• _Problem requirements_:
Repeat the listing below exactly. Pictures do not belong in the copy.

(Beginning of Provided data)

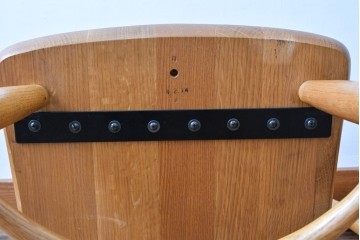 中古　柏木工(カシワ木工、KASHIWA)　楢(ナラ)材　木の温かみある風合いが魅力的なダイニングチェア2脚セット　(R-080674)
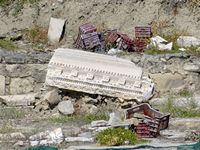 Le site archéologique de Gortyne en Crète. Dépot d'ordures dans les ruines de la basilique de Mitropolis (auteur Olaf Tausch). Cliquer pour agrandir l'image.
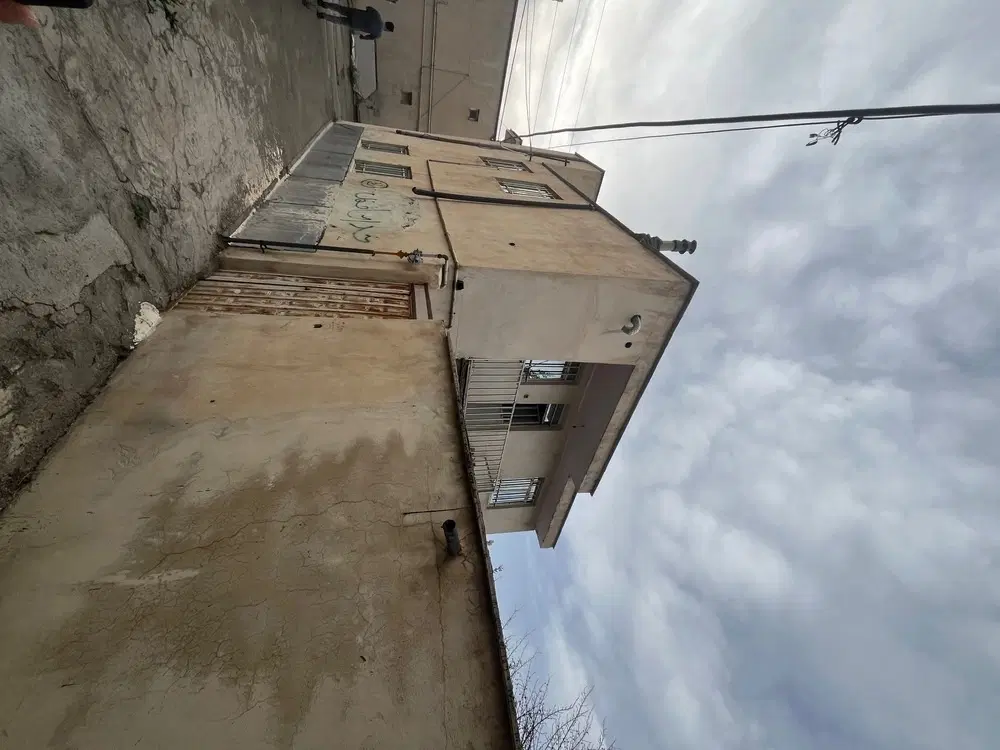 دو طبقه خانه ویلای داخل شهر
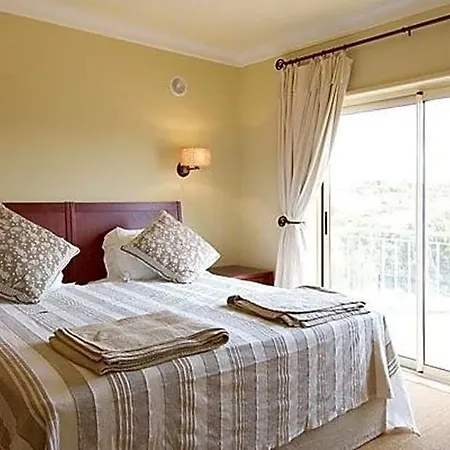 Carvoeiro Sleeps 6 Air Con Wifi *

(End of Provided data)

• _Reply to the task_:
 中古　柏木工(カシワ木工、KASHIWA)　楢(ナラ)材　木の温かみある風合いが魅力的なダイニングチェア2脚セット　(R-080674)
 Le site archéologique de Gortyne en Crète. Dépot d'ordures dans les ruines de la basilique de Mitropolis (auteur Olaf Tausch). Cliquer pour agrandir l'image.
 دو طبقه خانه ویلای داخل شهر
 Carvoeiro Sleeps 6 Air Con Wifi *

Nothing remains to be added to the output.